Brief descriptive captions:
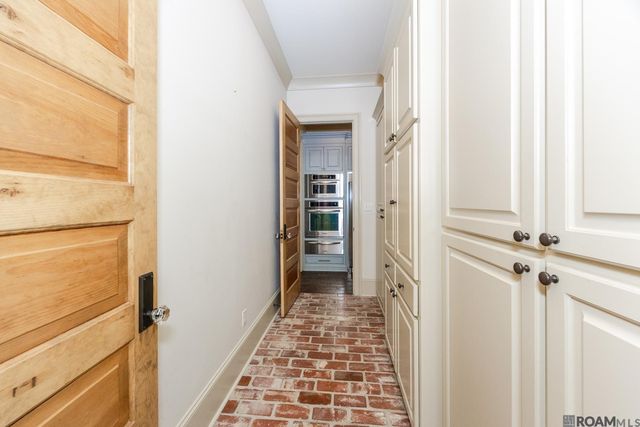 2571 Carnoustie Dr, Zachary, LA 70791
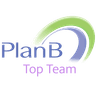 Plan B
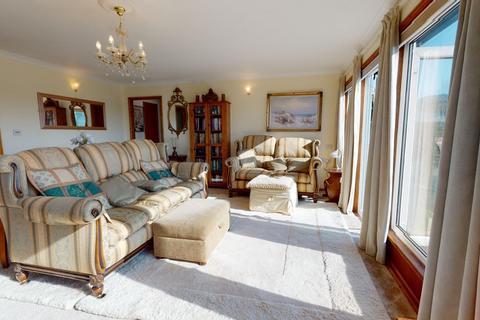 2 bedroom bungalow for sale, Danes Court, Dover, Kent, CT16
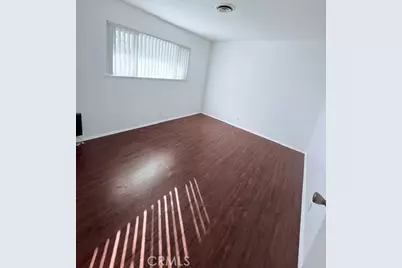 43441 Acacia, Hemet, CA 92544 - Photo 18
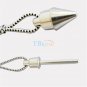 &Icirc;&brvbar;16mm Camp Rain Tarp Trail Sun Shade Awning Shelter Canopy Tent Cover Poles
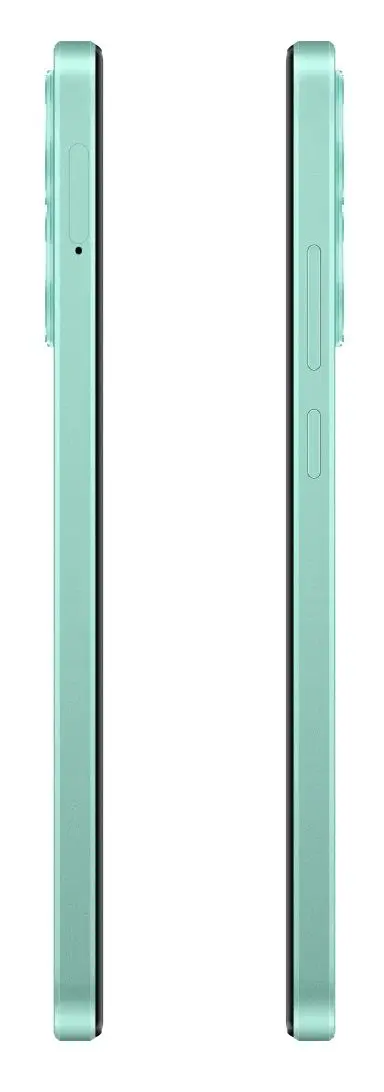 Мобильный телефон Oppo A78 Dual 8GB/128GB (Aqua Green) - 5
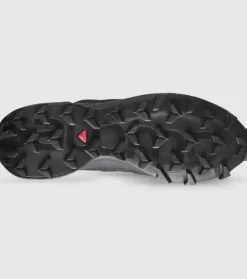 Sale Speedcross 5 Womens Women Trail Run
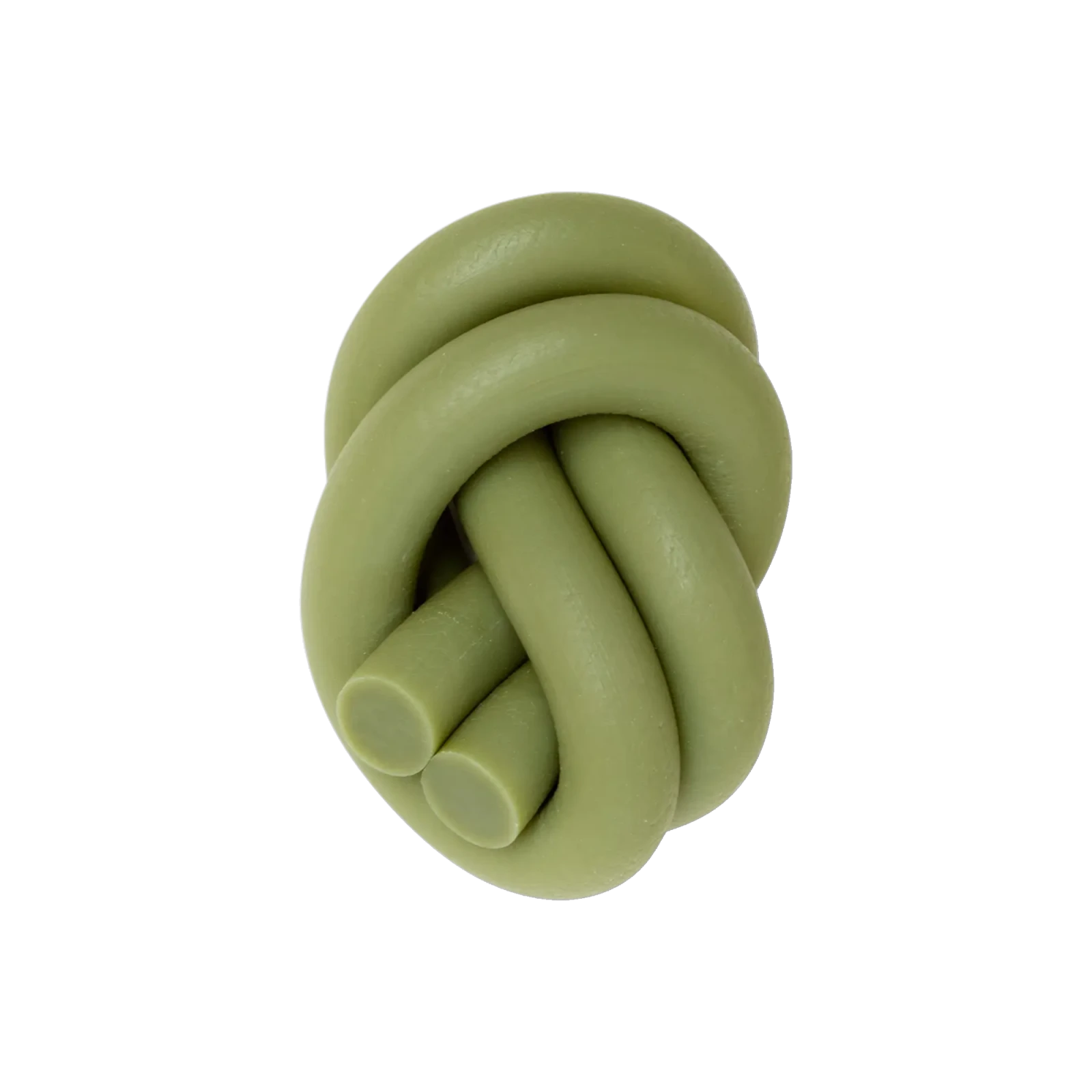 noeud-soap-olive-green-gessato-2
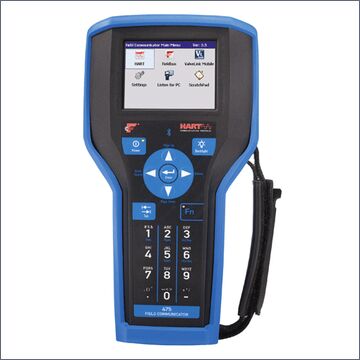 Dammam, Industrial Machinery, SAR 13000,  Selling Hart Communicator 475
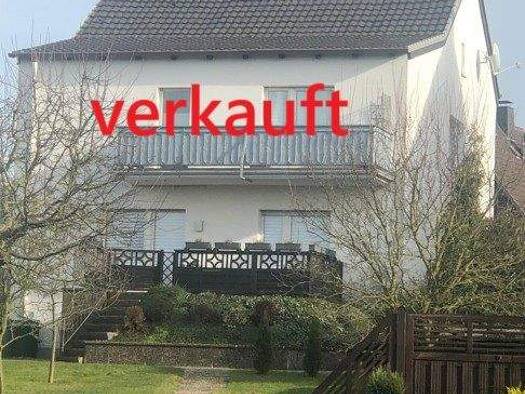 Haus zum Kauf 297.000 € 7 Zimmer 177,3 m² 598 m² Grundstück Mitte Menden 58708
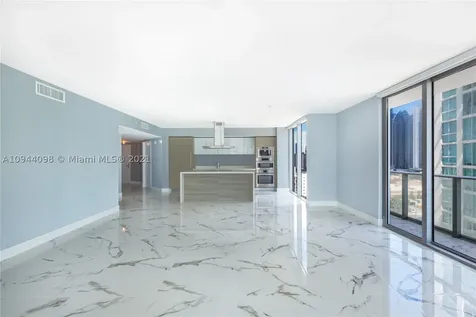 300 Sunny Isles Boulevard Sunny Isles Beach FL 33160
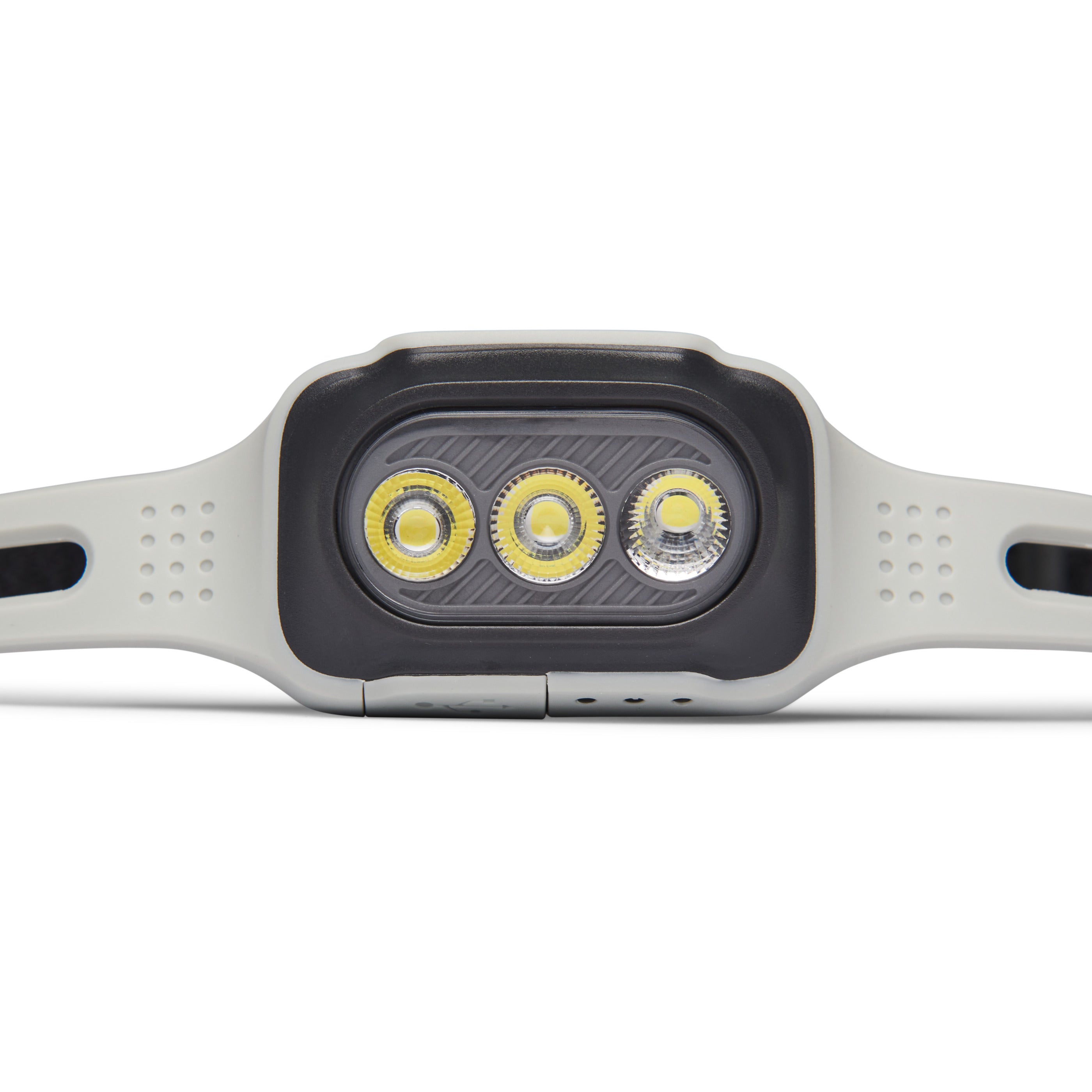 black-diamond-deploy-run-light-lampe-frontale-325-lumens image 2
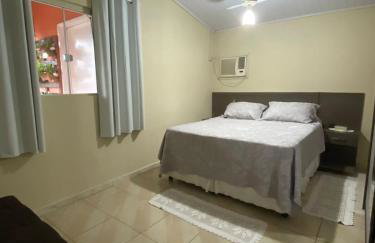 Casa aconchegante - Foto 6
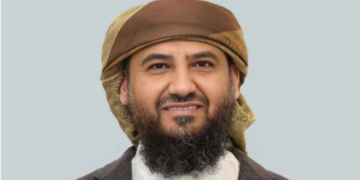 “قائد ألوية العمالقة” معركتنا أسقطت أوهام الحوثيين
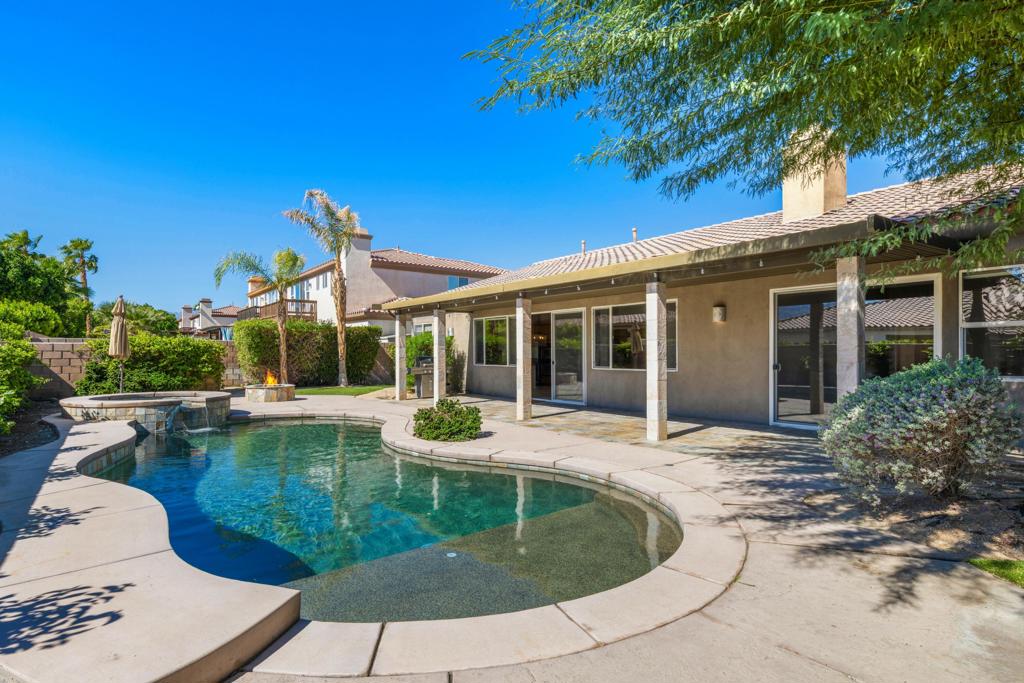 78485 Via Sevilla Property Photo 43
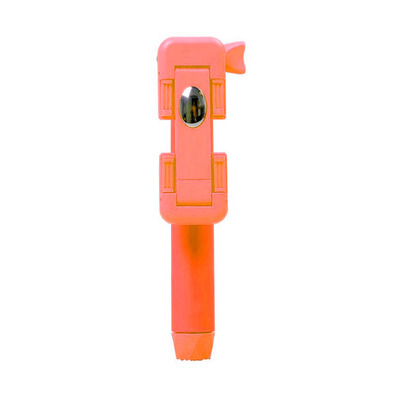 Palo Selfie Rk-Mini 2 Naranja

> [YOUR OBJECTIVE]
Your answer must be an exact copy of the records above, with no pictures included.

> [RESPONSE BOX]
 2571 Carnoustie Dr, Zachary, LA 70791
 Plan B
 2 bedroom bungalow for sale, Danes Court, Dover, Kent, CT16
 43441 Acacia, Hemet, CA 92544 - Photo 18
 &Icirc;&brvbar;16mm Camp Rain Tarp Trail Sun Shade Awning Shelter Canopy Tent Cover Poles
 Мобильный телефон Oppo A78 Dual 8GB/128GB (Aqua Green) - 5
 Sale Speedcross 5 Womens Women Trail Run
 noeud-soap-olive-green-gessato-2
 Dammam, Industrial Machinery, SAR 13000,  Selling Hart Communicator 475
 Haus zum Kauf 297.000 € 7 Zimmer 177,3 m² 598 m² Grundstück Mitte Menden 58708
 300 Sunny Isles Boulevard Sunny Isles Beach FL 33160
 black-diamond-deploy-run-light-lampe-frontale-325-lumens image 2
 Casa aconchegante - Foto 6
 “قائد ألوية العمالقة” معركتنا أسقطت أوهام الحوثيين
 78485 Via Sevilla Property Photo 43
 Palo Selfie Rk-Mini 2 Naranja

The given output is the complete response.